# WHAT IS NEEDED:
Read the data line by line and say how many lines contain the string "black", giving the number alone.

START DATA FOR ANALYSIS

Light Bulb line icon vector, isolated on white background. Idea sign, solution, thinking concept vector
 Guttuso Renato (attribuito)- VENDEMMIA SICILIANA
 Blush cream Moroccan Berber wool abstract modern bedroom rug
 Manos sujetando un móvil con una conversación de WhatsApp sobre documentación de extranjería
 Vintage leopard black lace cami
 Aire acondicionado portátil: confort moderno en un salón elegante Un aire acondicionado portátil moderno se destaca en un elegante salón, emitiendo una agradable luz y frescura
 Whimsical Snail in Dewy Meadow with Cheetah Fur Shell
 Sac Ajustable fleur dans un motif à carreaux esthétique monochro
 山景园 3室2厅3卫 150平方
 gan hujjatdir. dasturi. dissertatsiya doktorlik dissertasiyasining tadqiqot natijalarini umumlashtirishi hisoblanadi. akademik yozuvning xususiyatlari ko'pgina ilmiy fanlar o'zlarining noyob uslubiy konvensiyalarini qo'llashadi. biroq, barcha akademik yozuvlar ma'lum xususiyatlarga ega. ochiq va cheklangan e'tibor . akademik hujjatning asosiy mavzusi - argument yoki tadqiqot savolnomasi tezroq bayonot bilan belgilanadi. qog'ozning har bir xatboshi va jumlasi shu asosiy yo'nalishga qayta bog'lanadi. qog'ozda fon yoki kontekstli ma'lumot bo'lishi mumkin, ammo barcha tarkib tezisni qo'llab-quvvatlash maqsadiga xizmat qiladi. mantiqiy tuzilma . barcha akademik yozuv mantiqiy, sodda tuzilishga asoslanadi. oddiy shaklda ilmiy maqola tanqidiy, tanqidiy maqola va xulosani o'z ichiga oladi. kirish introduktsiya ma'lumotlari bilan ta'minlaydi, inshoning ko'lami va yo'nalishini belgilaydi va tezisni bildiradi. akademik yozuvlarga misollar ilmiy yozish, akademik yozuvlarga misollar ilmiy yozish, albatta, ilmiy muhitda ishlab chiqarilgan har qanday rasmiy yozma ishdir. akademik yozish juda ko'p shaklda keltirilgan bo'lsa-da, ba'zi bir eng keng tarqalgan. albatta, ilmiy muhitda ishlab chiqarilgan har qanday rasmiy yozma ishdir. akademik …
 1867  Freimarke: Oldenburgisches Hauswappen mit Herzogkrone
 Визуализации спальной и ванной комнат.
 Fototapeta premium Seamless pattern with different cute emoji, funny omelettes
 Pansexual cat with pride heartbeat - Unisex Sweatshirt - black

END DATA FOR ANALYSIS

# ANSWER TO THIS EXERCISE:
2